That is, the operating system itself already knows about these chips, but graphics drivers are still not implemented support.

I it to what. How the upgrade to version 11 of FreeBSD to change the *situation*? Or there is the interaction of graphics drivers and operating system components?

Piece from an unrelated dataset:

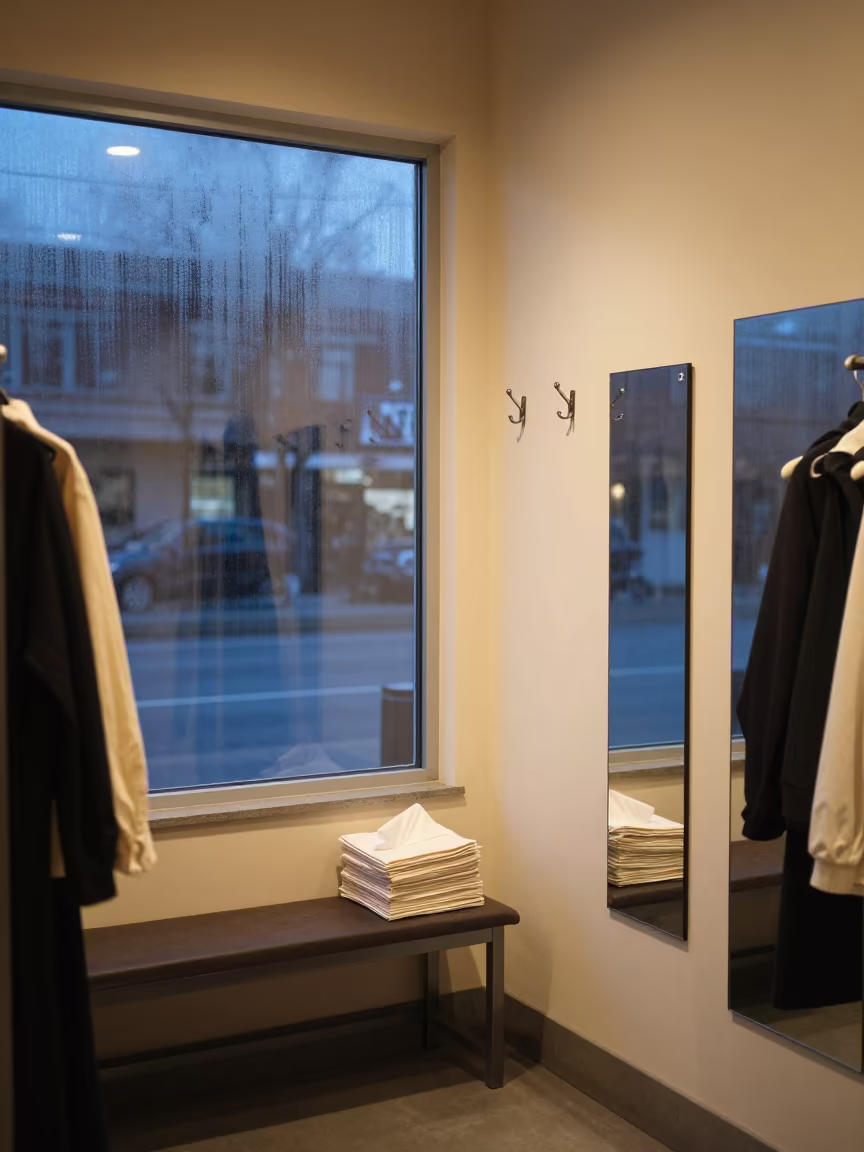 Fitting Room Reset with Shop Glow and Condensation in inside a fitting room corridor in Godoy Cruz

Because the drivers are x11-drivers/xf86-video-intel is a separate component and why they can't see the device, which supposedly is supported.

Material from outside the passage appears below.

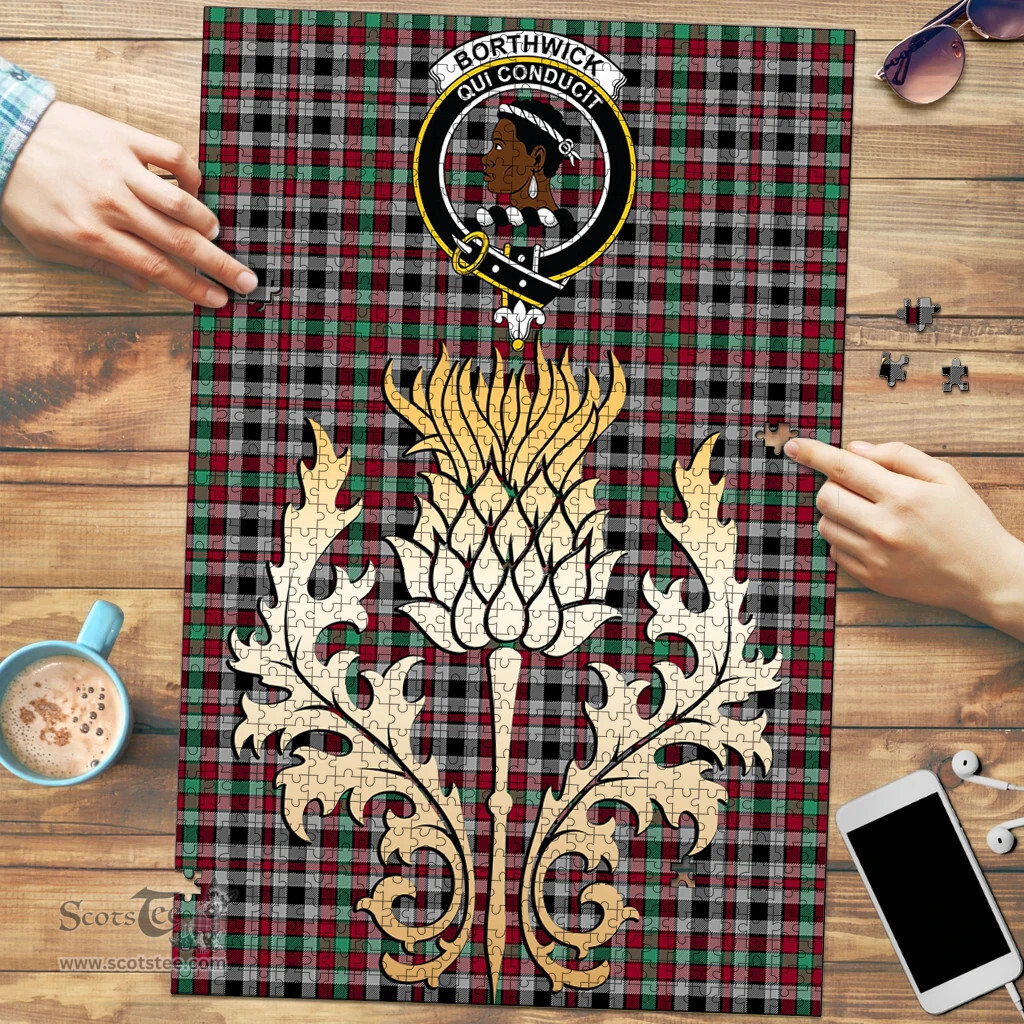 Scottish Borthwick Ancient Clan Tartan Puzzle - Thistle Gold Style Scottish Plaid Tartan Plaid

*How to find* a list of all devices supported by the driver x11-drivers/xf86-video-intel? _In the source code or something to go..._


----------



## dmtr (Feb 24, 2016)

New survey.

In file /usr/ports/x11-drivers/xf86-video-intel/work/xf86-video-intel-2.21.15/src/intel_driver.h
i found my chip:
#define PCI_CHIP_HASWELL_ULT_M_GT2  0x0A16

*Therefore, it is unclear why the driver does not found my device?*

Next in /usr/ports/x11-drivers/xf86-video-intel/Makefile:
PORTNAME=  xf86-video-intel
PORTVERSION=  2.21.15
PORTREVISION=  9
CATEGORIES=  x11-drivers

and in /usr/ports/x11-drivers/xf86-video-intel/work/xf86-video-intel-2.21.15/ChangeLog:

commit f57ce6ef9ca735d5cb428b2f12f1f9413a70506a
Author: Chris Wilson <chris@chris-wilson.co.uk>
Date:  Wed *Aug 21* 12:20:29 *2013* +0100
  2.21.15 release
...

All is _good_, but the last changes were made on August 21, 2013.
Turns out these drivers is *not relevant* at all. *Is this normal?*


----------



## dmtr (Feb 24, 2016)

Forgot to say.
While working through the driver /usr/ports/x11-drivers/xf86-video-vesa.
Still lack of "transparency".


----------



## ondra_knezour (Feb 24, 2016)

dmtr said:


> Therefore, it is unclear why the driver does not found my device?


You already got the answer here Situation with Intel graphics Haswell, Broadwell


----------



## dmtr (Feb 24, 2016)

Yeah. Then the drivers should be called /usr/ports/x11-drivers/xf86-video-intel-legend


----------



## dmtr (Mar 1, 2016)

Good evening!
After a week of testing, trial and error ...
_(Oh .. or am I complicating or doing something wrong)_

Updated to version 11.0 (FreeBSD 11.0-CURRENT #0: Mon Feb 29 12:06:22 YEKT 2016)
To use the *r295683* since it was made in the latest snapshots dated 17 February 2016. Prior to that, was an attempt to use a later version, but _stopped_, as there were build errors.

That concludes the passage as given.